Loading HTML or XML Content in LotusScript over HTTP

Your application needs data that are stored on a web server. If that data is available through a web service your are lucky. Since R8 web service clients are supported in LotusScript. If you want to load data from a URL you are out of luck. Typically you would resort to ActiveX and use the IE component to do the retrieval which introduces 3 evils: a Windows dependency, an IE dependency and an ActiveX dependency. The other way is to use Java, which turns a lot of LotusScript developer off. The solution is to use a ready made library that can wraps all the Java you need into a convenient LotusScript class.
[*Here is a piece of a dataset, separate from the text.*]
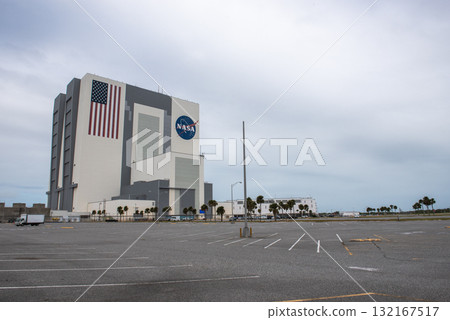 美國太空總署肯尼迪太空中心 132167517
The use case I had was to read HTML from a remote site and return a specific table for further processing. So my class has an XPath parameter that allows to slice out some part of the returned HTML. This is how you would use it in LotusScript:

%REM
Agent UpdateHTMLOnChange
Created May 28, 2010 by Stephan H Wissel
Description: Reads all documents that have been flagged
as changed and retrieves the update HTML
%END REM
Option Public
Option Declare

Use "HTTPUpdatesLS"

Sub Initialize
Dim updateClass As HTTPUpdates
Set updateClass = New HTTPUpdates
Call updateClass. UpdatePendingDocuments ( )
Set updateClass = nothing
End Sub

And this is the complete LotusScript class:

%REM
Library HTTPUpdatesLS
Created May 29, 2010 by Stephan H Wissel
Description: Wrapper Class around the LS2J Classes
for HTTP driven updates
%END REM
Option Public
Option Declare

Use "HTTPUpdates"
UseLSX "*javacon"
Use "OpenLogFunctions"
%REM
Class HTTPUpdates
Description: LotusScript Wrapper around
Java Class for HTTPUpdates
%END REM

Public Class HTTPUpdates
'For the LS2JReader
Private jSession As JavaSession
Private httpReaderClass As JavaClass
Private httpReader As JavaObject
Private s As NotesSession
Private db As NotesDatabase
Private viewName As String
Private serverName As String
Private dbName As String

%REM
Sub new
Description: Initialize the class
%END REM
Public Sub New
Call populateDefaults ( )
End Sub

%REM
Sub Crap
Description: Comments for Sub
%END REM
Public Sub UpdatePendingDocuments

Dim fullURL As String
Dim v As NotesView
Dim doc As NotesDocument
Dim nextDoc As NotesDocument

Set db = s. Currentdatabase
Set v = db. Getview ( "pendingHTMLUpdates" )

'Now through the view

Set doc = v. Getfirstdocument ( )

Do Until doc Is Nothing
Set nextDoc = v. Getnextdocument (doc )

Call updateDocHTML (doc )

Set doc = nextDoc
Loop

'And close it down
Call httpReader. recycle ( )

End Sub

%REM
Sub updateDocHTML
Description: Here goes the update of one individual document
%END REM
Public Sub updateDocHTML (doc As NotesDocument )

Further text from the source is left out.